Lets start with completing database connection by creating a new file in home directory: .env and place the following code:
MONGODB_URL="Your MongoDB URL"
Head over to MongoDB and create an account or login to grab your connection string.
Writing Database Models
In our API, we will have only 2 models, User and Movie.

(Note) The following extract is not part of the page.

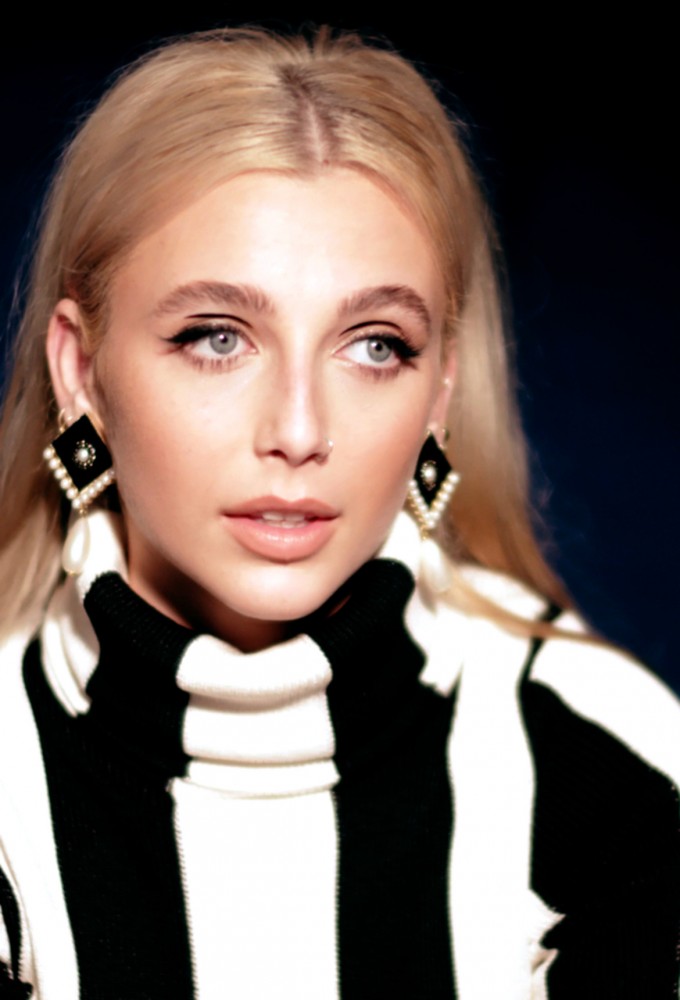 Emma Chamberlain Image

Create a new file: src/models/User.ts and place the following code:
// Import necessary modules
import mongoose, { Schema, Document, Types } from "mongoose";
// Define the interface for User document
export interface IUser extends Document {
email: string;
username: string;
password: string;
isAdmin: boolean;
createdAt: Date;
updatedAt: Date;
}
// Create a schema for the User model
const userSchema: Schema<IUser> = new Schema(
{
email: { type: String, required: true, unique: true },
username: { type: String, required: true, unique: true },
password: { type: String, required: true },
isAdmin: { type: Boolean, default: false },
},
{ timestamps: true }
);
// Create and export the User model
export default mongoose.model<IUser>("User", userSchema);
andsrc/models/Movie.ts and place the following code:
// Import necessary modules
import mongoose, { Schema, Document } from "mongoose";
// Define the interface for User document
export interface IMovie extends Document {
title: string;
genre: string;
rating: number;
duration: string; // e.g 2 hours
}
// Create a schema for the User model
const movieSchema: Schema<IMovie> = new Schema(
{
title: { type: String, required: true, unique: true },
genre: { type: String, required: true },
rating: { type: Number, required: true },
duration: { type: String, required: true },
},
{ timestamps: true }
);
// Create and export the User model
export default mongoose.model<IMovie>("Movie", movieSchema);
The User model is represented by an interface IUser, extending the Mongoose Document interface, specifying the structure of a user document. The user schema is created with Mongoose's Schema class, specifying fields such as email, username, password, and isAdmin (indicating whether the user has admin privileges). The schema includes additional options, such as setting timestamps for createdAt and updatedAt. These timestamps automatically update whenever a document is created or modified. The user model is then exported using mongoose.model, making it available for use throughout the application.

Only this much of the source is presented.